• _ACTIVITY_:
Please print, exactly, only the lines in the entries below from the line that has "Brucity - Bruxelles" through the line that has "Victoria & Margaret Krakkó". Pictures don't go in.

• _MATERIALS PROVIDED_:
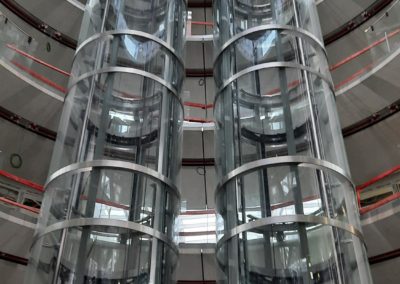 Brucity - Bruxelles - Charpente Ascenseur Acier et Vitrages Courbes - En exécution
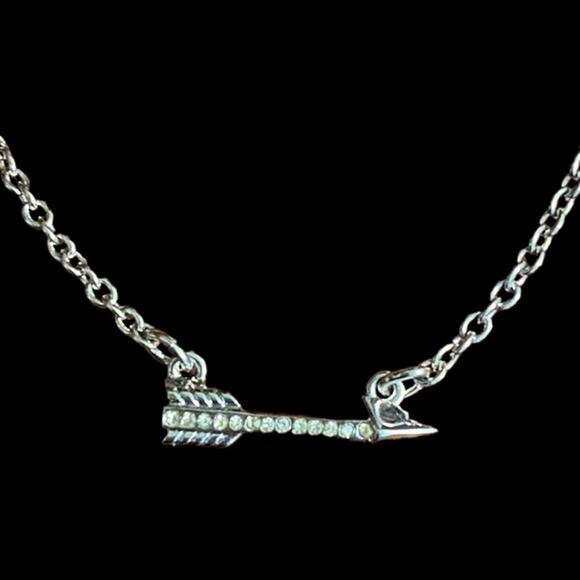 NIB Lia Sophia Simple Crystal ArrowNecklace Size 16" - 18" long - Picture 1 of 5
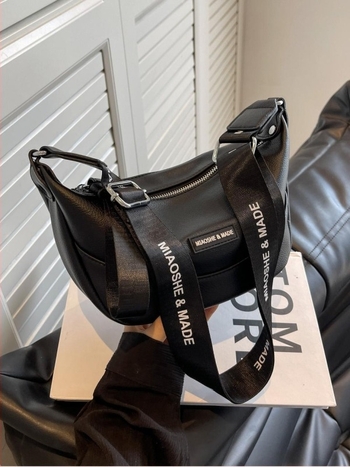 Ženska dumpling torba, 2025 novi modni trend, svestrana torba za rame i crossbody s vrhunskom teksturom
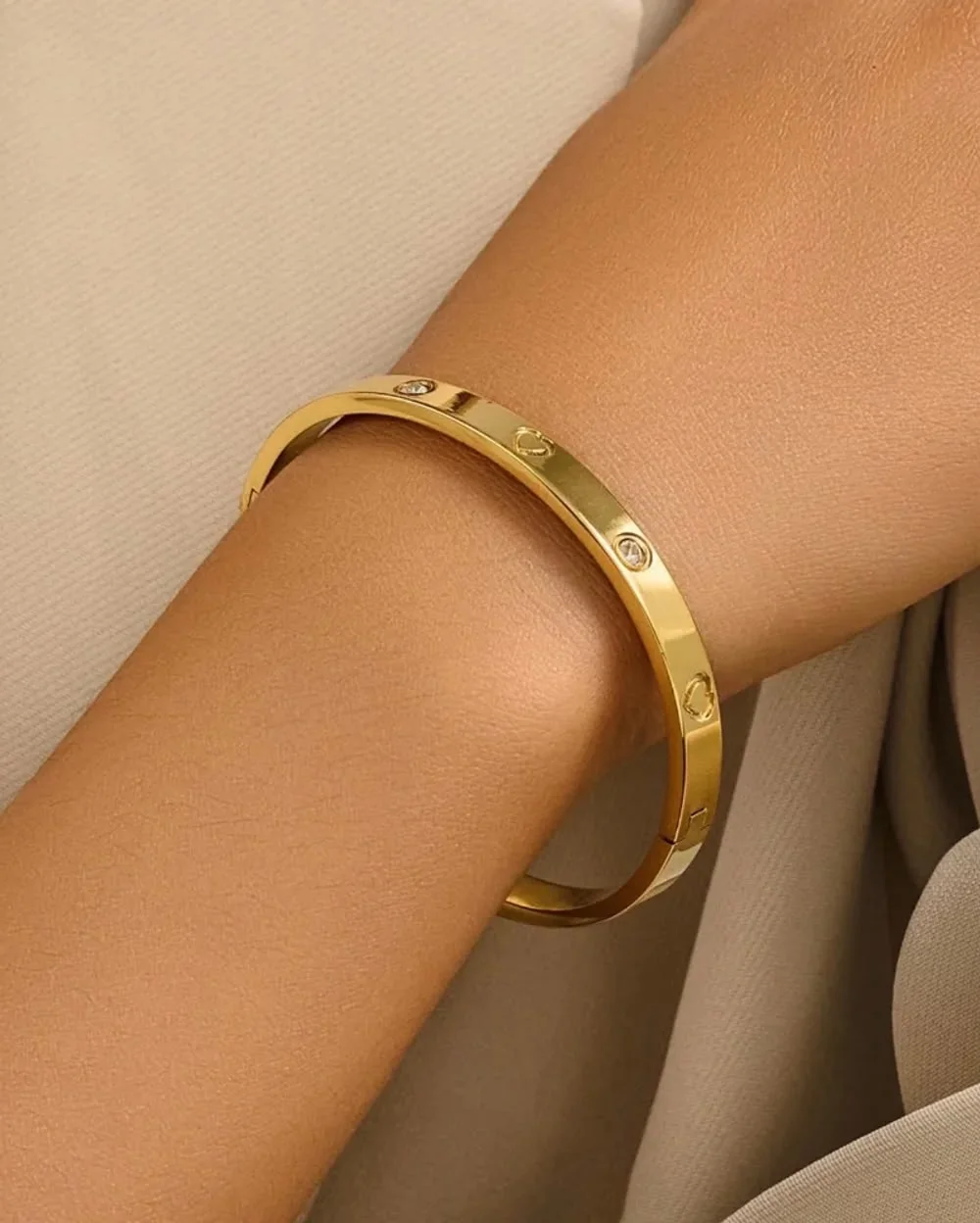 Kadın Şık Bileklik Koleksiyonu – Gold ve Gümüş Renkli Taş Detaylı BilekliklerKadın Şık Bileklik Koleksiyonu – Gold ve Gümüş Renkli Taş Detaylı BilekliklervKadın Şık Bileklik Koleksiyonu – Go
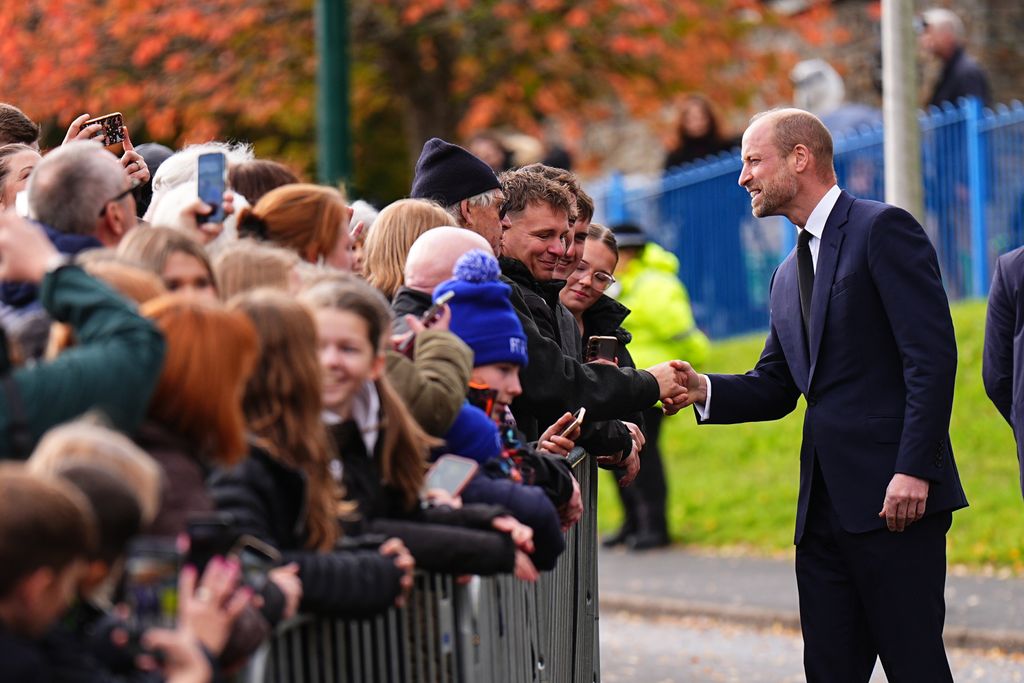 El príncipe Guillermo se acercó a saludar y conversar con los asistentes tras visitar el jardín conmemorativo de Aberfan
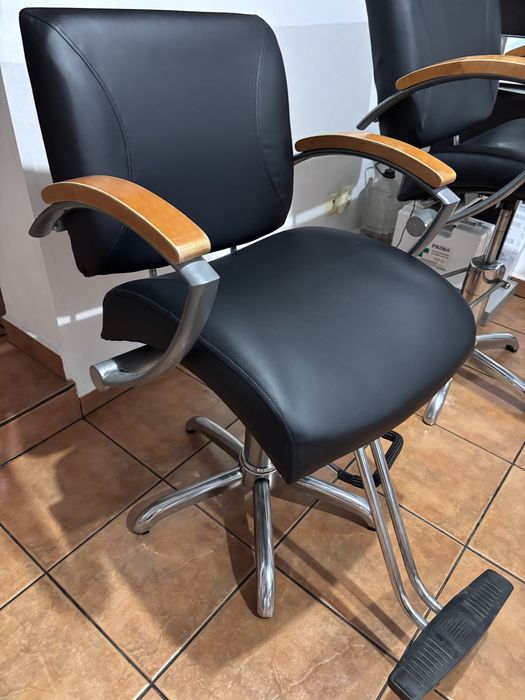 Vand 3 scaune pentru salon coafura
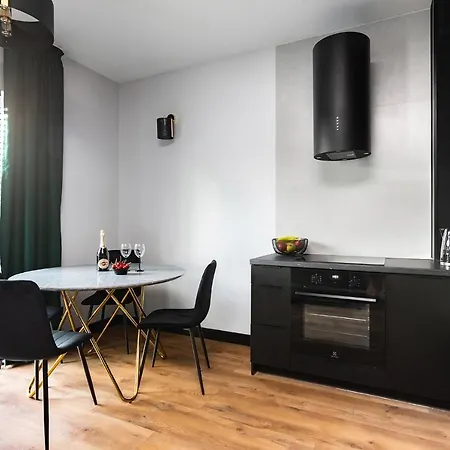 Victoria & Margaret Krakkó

---

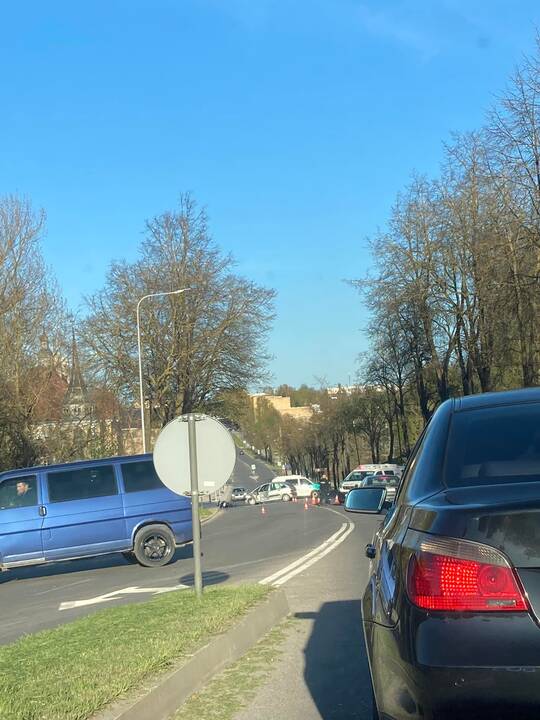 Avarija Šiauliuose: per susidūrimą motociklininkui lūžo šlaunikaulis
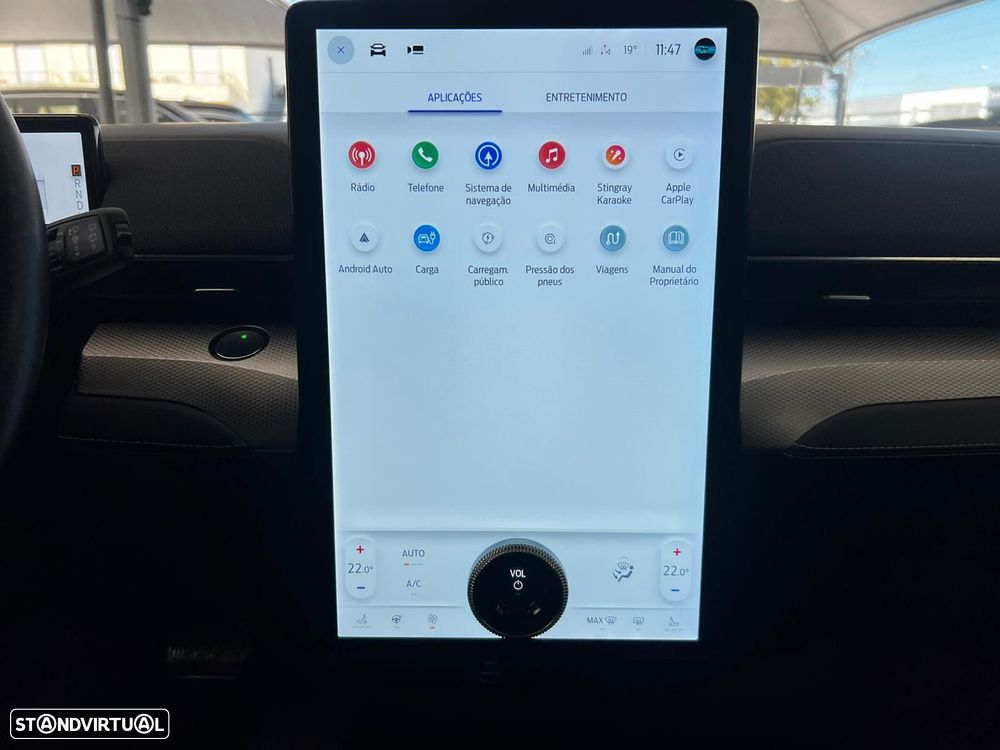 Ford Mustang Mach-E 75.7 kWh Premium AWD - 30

• _EXERCISE OUTPUT_:
 Brucity - Bruxelles - Charpente Ascenseur Acier et Vitrages Courbes - En exécution
 NIB Lia Sophia Simple Crystal ArrowNecklace Size 16" - 18" long - Picture 1 of 5
 Ženska dumpling torba, 2025 novi modni trend, svestrana torba za rame i crossbody s vrhunskom teksturom
 Kadın Şık Bileklik Koleksiyonu – Gold ve Gümüş Renkli Taş Detaylı BilekliklerKadın Şık Bileklik Koleksiyonu – Gold ve Gümüş Renkli Taş Detaylı BilekliklervKadın Şık Bileklik Koleksiyonu – Go
 El príncipe Guillermo se acercó a saludar y conversar con los asistentes tras visitar el jardín conmemorativo de Aberfan
 Vand 3 scaune pentru salon coafura
 Victoria & Margaret Krakkó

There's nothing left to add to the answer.